A: Lets say that your plaintext/input is exactly one block long (512bits=1block for SHA256). The input space for it is $2^{512}$ and hash space is $2^{256}$. For simplicity, lets take the first $2^{256}$ inputs into consideration.  
 Now you train a machine learning algorithm (Any algorithm of your choice), with a training set of size $2^{64}$ by hashing every number from $0$ to $2^{64}-1$ (This itself would take alot of time and gargantuan amount of space to store, but lets put that aside for a moment).  
After training over such a massive training set, you would expect the model to work accurately but no. The remaining $2^{256}-2^{64}$ input-hash pairs could be mapped in $(2^{256}-2^{64})!$ ways. Out of those many ways to arrange, only one arrangement would be our SHA256. 
Let $S=(2^{256}-2^{64})$ (Total number of mappings) and  $C=\frac{90}{100}*S$ (Number of correct mappings for 90% accuracy) 

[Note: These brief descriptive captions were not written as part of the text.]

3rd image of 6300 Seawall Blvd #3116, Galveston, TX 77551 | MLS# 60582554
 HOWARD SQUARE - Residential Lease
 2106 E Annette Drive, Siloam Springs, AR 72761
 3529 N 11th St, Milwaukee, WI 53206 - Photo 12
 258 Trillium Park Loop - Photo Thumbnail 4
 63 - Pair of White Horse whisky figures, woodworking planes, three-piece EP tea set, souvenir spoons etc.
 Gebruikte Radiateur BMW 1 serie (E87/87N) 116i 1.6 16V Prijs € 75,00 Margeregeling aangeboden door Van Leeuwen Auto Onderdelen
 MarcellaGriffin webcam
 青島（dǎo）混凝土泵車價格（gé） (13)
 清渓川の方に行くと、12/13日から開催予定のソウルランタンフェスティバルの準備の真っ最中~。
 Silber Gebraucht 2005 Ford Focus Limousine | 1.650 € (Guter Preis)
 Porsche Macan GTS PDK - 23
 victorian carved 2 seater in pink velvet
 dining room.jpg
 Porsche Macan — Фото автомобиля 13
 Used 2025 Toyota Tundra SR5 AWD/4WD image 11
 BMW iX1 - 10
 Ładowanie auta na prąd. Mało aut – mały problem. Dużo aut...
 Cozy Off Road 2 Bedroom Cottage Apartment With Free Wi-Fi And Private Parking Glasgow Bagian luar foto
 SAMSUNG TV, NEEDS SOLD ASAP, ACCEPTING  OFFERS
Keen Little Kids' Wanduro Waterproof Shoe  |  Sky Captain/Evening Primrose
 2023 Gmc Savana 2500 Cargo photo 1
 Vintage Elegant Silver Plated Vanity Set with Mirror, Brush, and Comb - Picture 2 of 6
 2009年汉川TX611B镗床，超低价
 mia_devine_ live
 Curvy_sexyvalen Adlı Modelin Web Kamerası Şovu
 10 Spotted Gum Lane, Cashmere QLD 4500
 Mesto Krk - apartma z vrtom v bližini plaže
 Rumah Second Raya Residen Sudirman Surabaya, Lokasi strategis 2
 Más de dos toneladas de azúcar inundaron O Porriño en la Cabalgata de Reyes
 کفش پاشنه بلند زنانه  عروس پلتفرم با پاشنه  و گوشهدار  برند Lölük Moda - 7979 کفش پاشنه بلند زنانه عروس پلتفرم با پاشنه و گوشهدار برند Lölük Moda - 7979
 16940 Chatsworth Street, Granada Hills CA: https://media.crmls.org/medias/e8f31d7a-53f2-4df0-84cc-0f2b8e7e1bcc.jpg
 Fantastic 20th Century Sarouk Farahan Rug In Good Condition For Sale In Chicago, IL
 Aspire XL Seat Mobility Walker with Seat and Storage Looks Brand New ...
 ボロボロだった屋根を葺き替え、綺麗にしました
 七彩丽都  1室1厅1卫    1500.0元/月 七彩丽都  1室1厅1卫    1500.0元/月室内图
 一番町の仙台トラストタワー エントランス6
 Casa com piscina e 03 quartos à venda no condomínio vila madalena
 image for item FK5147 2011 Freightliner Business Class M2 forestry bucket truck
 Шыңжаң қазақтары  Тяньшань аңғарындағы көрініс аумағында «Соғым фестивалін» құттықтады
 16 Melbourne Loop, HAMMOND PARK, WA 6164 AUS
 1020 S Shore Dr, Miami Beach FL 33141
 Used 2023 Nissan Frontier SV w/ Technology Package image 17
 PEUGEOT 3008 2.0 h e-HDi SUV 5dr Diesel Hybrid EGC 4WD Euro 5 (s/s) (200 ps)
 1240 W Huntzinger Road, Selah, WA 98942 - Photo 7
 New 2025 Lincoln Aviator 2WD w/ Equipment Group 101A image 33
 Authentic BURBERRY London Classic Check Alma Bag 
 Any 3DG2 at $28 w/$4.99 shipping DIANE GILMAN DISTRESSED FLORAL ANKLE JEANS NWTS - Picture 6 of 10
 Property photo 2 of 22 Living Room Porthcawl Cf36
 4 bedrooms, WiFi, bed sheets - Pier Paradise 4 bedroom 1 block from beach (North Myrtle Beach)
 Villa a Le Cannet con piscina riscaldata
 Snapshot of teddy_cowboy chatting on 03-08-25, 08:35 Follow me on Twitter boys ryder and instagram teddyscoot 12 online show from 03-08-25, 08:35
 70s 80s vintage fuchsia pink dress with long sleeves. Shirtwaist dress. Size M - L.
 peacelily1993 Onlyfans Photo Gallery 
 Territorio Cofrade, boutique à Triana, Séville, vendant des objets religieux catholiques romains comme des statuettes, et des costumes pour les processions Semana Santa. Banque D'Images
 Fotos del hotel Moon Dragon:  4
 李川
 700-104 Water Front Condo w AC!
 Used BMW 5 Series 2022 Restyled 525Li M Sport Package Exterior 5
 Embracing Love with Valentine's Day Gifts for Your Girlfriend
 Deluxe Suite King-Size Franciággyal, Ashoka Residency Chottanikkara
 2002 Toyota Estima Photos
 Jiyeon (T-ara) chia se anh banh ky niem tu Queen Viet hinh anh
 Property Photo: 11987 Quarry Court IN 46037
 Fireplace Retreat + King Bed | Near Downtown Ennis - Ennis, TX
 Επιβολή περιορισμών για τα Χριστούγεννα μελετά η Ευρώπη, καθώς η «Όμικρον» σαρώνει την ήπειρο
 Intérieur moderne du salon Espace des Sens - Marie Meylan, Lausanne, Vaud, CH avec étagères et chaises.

The probably to achieve even 90% accuracy with our model would be (probability of $C$ correct mappings)*(probability of ($S-C$) incorrect mappings) =
$$(\frac{1}{S}*\frac{1}{S-1}*\frac{1}{S-2}...*\frac{1}{S-(C-1)} ) * (\frac{S-C-1}{S-C}*\frac{S-C-2}{S-C-1}*\frac{S-C-3}{S-C-2}...*\frac{1}{2}) = \frac{(S-C-1)!}{S!}$$ 
Plugging in the values, probability that our model would achieve 90% accuracy is$$= \frac{(\frac{1}{10}*(2^{256}-2^{64})-1)!}{(2^{256}-2^{64})!}$$
Taking logarithms and using Sterling's approximation for factorials, the probability is $$\approx 2^{-(2^{263.9918466566}-2^{260.6509677217})}$$
$$\approx2^{-10.1322237391*2^{260.6509677217}}$$ 
Phew, thats a really small number. And this is an overestimation, since we have considered only the first $2^{256}$ inputs instead of the total $2^{512}$. The actually probability will be still lower.
A: The problem is that "machine learning" isn't intelligent. It just tries to find patterns. In SHA-256, there are no patterns. There is nothing to find. Machine learning hasn't got any chance that is better than brute force. 
If you want to crack SHA-256 by computer, the only possibility is to create real intelligence, and since lots of clever humans haven't found a way to create SHA-256, you need to create artificial intelligence that is a lot higher than that of many clever humans. At that point, we don't know if such a super-human intelligence would crack SHA-256, prove that it cannot be cracked, or would decide that it is not clever enough to do either (just as humans). The fourth possibibility is of course that such a super-human artificial intelligence would not even bother but think about problems that are more important (to it).